LNXDrive is in alpha. Only the most recent alpha release receives security fixes; there are no backports.
| Version | Supported |
|---|---|
| 0.1.0-alpha.x (latest) | ✅ |
| anything older | ❌ |
Please do not open a public issue for security vulnerabilities.
- Preferred: use GitHub's private vulnerability reporting — Security → Report a vulnerability.
- Alternatively, email contact@strangedays.tech with subject
[SECURITY] lnxdrive: <short summary>.
Include: affected component (daemon / FUSE / CLI / GNOME panel / packaging), reproduction steps, impact assessment, and your environment (distro, GNOME version, install method).
- Acknowledgement within 7 days.
- Coordinated disclosure: we ask for up to 90 days to ship a fix before public disclosure. Single-maintainer project — complex fixes may need the full window.
- Credit in the release notes (opt-out if you prefer anonymity).
Documented threat analysis lives in the repository's governance tree
(.straymark/02-design/risk-analysis/ and .straymark/08-security/).

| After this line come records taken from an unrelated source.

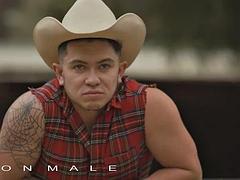 Anal, Verga grande, Mamada, Corrida, Gay, Pajear, Músculo, Público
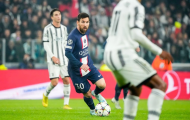 CĐV Juventus vỗ tay vì Messi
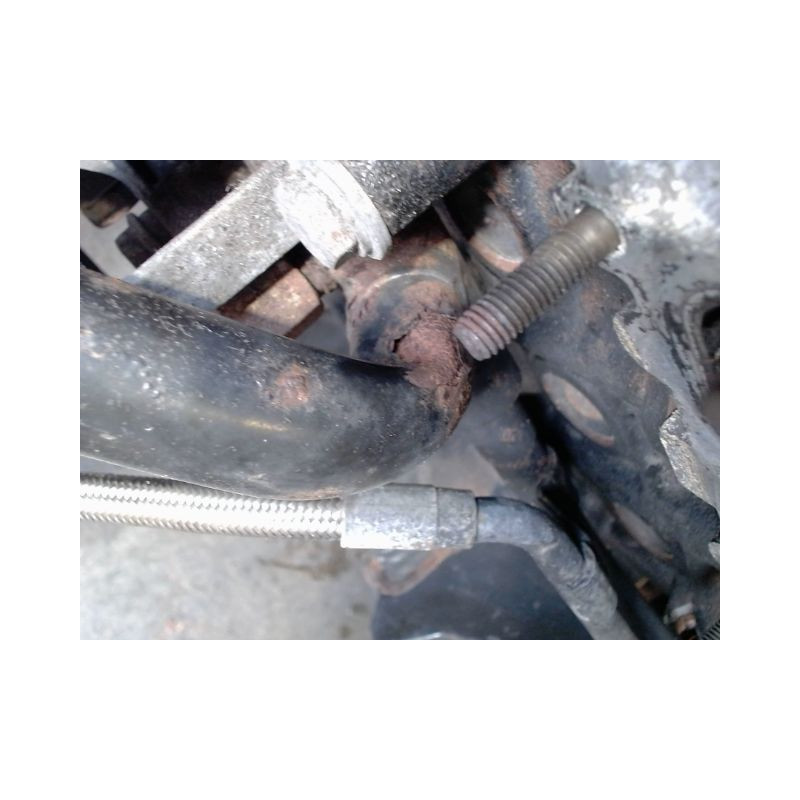 MOTEUR ESSENCE FIAT GRANDE PUNTO 2005- 1.4 T-Jet 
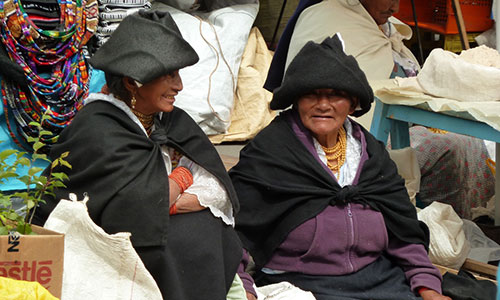 Indigenous, communities, ecuador, andes, culture, itk, voyage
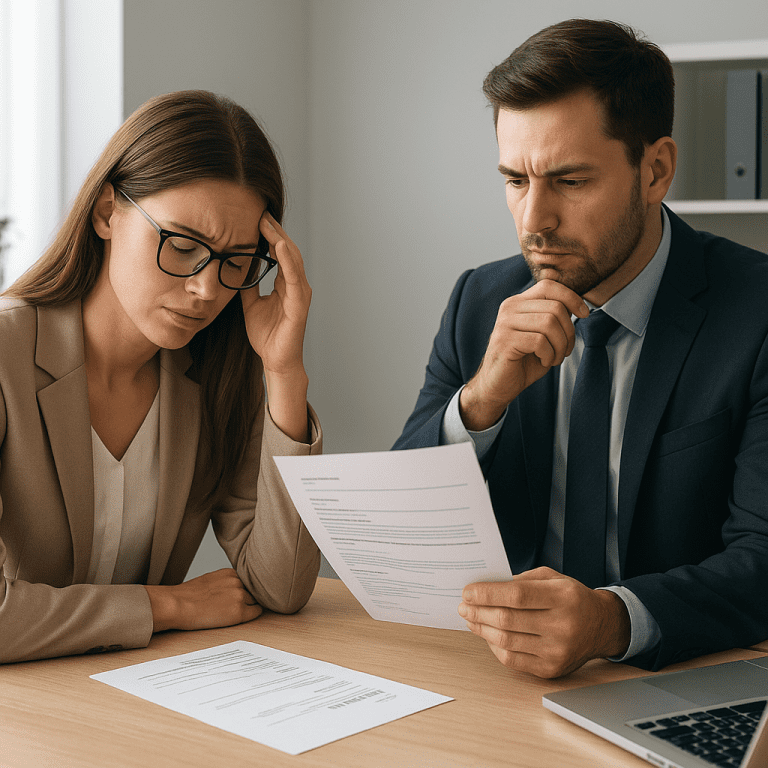 Jak uniknąć błędów przy zatrudnianiu pracowników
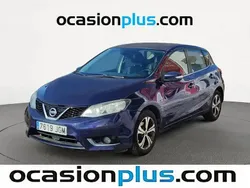 Azul Usado 2015 Nissan Pulsar Acenta Utilitario | 9300 € (Precio justo)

Highlights relevant to users:
- OAuth tokens never touch disk in cleartext and never travel raw over D-Bus: they live in the system keyring (Secret Service); the D-Bus API exposes only opaque session handles.
- The Flatpak sandbox uses scoped D-Bus names (no unrestricted
--socket=session-bus). - The config parser is hardened against YAML expansion attacks (billion-laughs caps).
- CI runs
cargo auditandcargo denyon every change to the engine.
Known limitations of the alpha (host-side components outside the Flatpak sandbox, FUSE device access) are documented in the release notes of each pre-release.